Development Support Engineer
US or Canada

Our Customers Develop Software at the Speed of Ideas

CloudBees, the enterprise software delivery company, provides the industry’s leading DevOps technology platform. CloudBees enables developers to focus on what they do best: Build stuff that matters while providing peace of mind to management with powerful risk mitigation, compliance, and governance tools. Used by many of the Fortune 100, CloudBees is helping thousands of companies harness the power of continuous everything and gets them on the fastest path from a great idea, to great software, to amazing customer experiences, to being a business that changes lives.

Backed by Matrix Partners, Lightspeed Venture Partners, Verizon Ventures, Delta-v Capital, Golub Capital, and Unusual Ventures, CloudBees was founded in 2010 by former JBoss CTO Sacha Labourey and an elite team of continuous integration, continuous delivery, and DevOps professionals.

Team description

CloudBees customers rely on our Support team to help them be successful in the use of our products. Our team is uniquely positioned to help sustain the company’s growth by providing a customer support experience that surpasses expectations. These positive customer experiences help drive annual renewals and business expansion. A successful Development Support Engineer (DSE) will use their skills and experience to accurately diagnose customer issues and get them resolved in a timely way, to the customer’s satisfaction. In addition, motivated individuals who want to contribute in other ways will have opportunities to work on our collection of internal tools that automate the diagnosis of issues, making the entire team more efficient by reducing manual work.

A typical day in our Support team starts with a scrum meeting where we review open and unassigned cases and help each other with issues we’re stuck on. Working on active cases, we answer basic questions and also troubleshoot problems that range from the mundane to the fiendishly complicated (it helps if you enjoy a good challenge). We collaborate with each other throughout the day, via Slack or video calls. During down time, we build technical knowledge through training and tools development.

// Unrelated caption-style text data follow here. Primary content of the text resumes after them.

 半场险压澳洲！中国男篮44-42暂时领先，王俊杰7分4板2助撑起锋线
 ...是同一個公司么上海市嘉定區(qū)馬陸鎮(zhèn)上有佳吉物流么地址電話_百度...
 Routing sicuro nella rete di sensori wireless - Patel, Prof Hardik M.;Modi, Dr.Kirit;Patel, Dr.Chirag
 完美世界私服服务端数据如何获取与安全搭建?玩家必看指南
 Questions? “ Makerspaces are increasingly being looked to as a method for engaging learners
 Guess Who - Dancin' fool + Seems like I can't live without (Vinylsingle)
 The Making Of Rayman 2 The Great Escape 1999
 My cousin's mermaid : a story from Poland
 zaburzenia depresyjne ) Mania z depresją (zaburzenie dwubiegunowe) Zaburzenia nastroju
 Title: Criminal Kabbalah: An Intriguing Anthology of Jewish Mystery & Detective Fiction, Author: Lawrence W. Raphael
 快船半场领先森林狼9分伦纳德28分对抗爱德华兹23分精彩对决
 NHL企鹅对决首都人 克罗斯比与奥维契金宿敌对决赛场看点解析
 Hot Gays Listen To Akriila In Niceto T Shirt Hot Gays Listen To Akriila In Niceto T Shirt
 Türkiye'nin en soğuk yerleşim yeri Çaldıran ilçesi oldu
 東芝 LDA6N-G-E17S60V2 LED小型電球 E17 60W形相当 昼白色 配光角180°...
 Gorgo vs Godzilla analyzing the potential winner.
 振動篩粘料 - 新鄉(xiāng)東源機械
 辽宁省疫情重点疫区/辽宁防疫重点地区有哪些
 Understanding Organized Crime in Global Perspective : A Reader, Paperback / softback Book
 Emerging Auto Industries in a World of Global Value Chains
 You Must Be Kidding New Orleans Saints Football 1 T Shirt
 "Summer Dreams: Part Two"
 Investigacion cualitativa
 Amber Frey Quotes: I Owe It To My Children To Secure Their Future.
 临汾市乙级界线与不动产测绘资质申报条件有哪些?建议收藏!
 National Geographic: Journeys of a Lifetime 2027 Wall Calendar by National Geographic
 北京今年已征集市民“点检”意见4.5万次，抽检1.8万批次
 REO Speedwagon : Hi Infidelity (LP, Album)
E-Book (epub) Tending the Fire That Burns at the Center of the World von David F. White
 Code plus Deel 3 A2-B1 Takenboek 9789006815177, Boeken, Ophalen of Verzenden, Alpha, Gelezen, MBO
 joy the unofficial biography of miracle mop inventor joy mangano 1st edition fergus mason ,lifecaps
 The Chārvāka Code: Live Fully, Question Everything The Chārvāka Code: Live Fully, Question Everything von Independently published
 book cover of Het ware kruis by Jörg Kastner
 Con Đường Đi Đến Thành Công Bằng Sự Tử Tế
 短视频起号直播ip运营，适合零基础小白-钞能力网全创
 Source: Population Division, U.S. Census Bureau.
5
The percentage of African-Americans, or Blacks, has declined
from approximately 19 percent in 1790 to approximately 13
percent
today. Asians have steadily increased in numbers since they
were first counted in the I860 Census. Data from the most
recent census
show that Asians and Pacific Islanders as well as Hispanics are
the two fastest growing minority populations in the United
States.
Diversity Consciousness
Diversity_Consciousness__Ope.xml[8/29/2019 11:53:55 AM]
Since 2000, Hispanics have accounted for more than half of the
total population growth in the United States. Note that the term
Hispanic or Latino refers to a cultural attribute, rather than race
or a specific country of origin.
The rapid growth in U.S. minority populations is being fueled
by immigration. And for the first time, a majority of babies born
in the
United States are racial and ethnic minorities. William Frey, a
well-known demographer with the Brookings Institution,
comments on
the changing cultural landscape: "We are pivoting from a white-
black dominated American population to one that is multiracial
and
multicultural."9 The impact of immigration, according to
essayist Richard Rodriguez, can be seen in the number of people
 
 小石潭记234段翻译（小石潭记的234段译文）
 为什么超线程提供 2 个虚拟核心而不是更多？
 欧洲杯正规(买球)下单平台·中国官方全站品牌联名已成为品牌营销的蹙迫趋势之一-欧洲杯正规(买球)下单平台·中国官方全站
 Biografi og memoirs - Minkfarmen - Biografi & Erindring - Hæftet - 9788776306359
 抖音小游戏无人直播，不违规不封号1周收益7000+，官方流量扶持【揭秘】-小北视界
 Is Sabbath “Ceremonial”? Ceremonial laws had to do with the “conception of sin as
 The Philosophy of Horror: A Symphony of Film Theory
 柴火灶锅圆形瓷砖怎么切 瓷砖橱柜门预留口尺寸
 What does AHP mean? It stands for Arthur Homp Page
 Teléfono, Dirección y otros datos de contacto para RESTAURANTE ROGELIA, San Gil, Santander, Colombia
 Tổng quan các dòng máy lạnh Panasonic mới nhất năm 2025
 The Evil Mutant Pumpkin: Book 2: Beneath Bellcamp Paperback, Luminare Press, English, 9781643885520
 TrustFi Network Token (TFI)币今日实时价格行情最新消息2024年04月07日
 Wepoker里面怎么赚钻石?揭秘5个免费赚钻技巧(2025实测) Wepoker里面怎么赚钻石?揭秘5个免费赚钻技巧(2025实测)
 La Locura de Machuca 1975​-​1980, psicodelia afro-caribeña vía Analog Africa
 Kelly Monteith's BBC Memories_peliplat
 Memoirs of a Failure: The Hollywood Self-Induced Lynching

CloudBees has been a remote-work-first company since it was founded, and the majority of the DSE team works remotely. The existing team has a mix of backgrounds including system administrators, developers, support engineers, and devops engineers. We strive to provide everyone on the team with interesting challenges, opportunities for personal and professional growth, and a positive work/life balance.

What You'll Do 

  • Answer customer questions about product usage and best practices
  • Diagnose complex technical issues and provide solutions or workarounds
  • Communicate with customers through a ticketing system, with phone support sometimes required for complex or urgent issues
  • Collaborate frequently with members of the Support and Engineering teams
  • Contribute to documentation
  • Contribute to internal software tools to automate diagnosis of customer issues
  • Work a weekend on-call rotation every 4-8 weeks (daytime hours only)

What The Role Requires 

A successful candidate will have:

  • Basic Linux system administration knowledge
  • Good communication skills (English language fluency required)
  • The ability to work independently
  • The ability to build knowledge of new technologies easily
  • A sense of empathy with our customers

As previously mentioned, members of our team have a variety of past work experience, and each bring a different mix of skills to our team. The following are some examples of these skills, but by no means do we expect candidates to have all of them. If any of these fit with your experience, we would love to hear from you!

  • System administration knowledge, especially Linux, storage, and/or networking
  • Good working knowledge of popular DevOps tools and services such as: Jenkins, Docker, Artifactory/Nexus, Kubernetes, git & GitHub
  • Knowledge of common enterprise environments & technologies such as LDAP & databases
  • Knowledge of common web application architectures, SSL, REST API concepts, etc.
  • Understanding of Continuous Integration and Continuous Deployment concepts and practices
  • Experience with cloud computing environments
  • Programming experience, anything from shell scripting to Java development
  • Open source community contributions, especially Jenkins
  • Previous experience in customer-facing roles
  • Computer Science / IT degree or equivalent work experience
  • Certifications: Cloud computing providers, Kubernetes, etc.

What You'll Get 

  • Gain experience working with and troubleshooting a variety of tools used widely in the tech industry
  • Enhance your career by completing industry-recognized technical certifications
  • Manage projects and initiatives within the team, contributing to team goals
  • Potential future opportunities to grow into management, engineering, or other field roles
  • Play a key role in maintaining and growing company revenue over time

We have a culture of movers and shakers and are leading the way for everyone else with a vision to transform the industry. We are authentic in who we are. We believe in our abilities and strengths to change the world for the better. Being inclusive and working together is at the heart of everything we do. We are naturally curious. We ask the right questions, challenge what can be done differently and come up with intelligent solutions to the problems we find. If that’s you, get ready to bee impactful and join the hive.

At CloudBees, we truly believe that the more diverse we are, the better we serve our customers. A global community like Jenkins demands a global focus from CloudBees. Organizations with greater diversity—gender, racial, ethnic, and global—are stronger partners to their customers. Whether by creating more innovative products, or better understanding our worldwide customers, or establishing a stronger cross-section of cultural leadership skills, diversity strengthens all aspects of the CloudBees organization.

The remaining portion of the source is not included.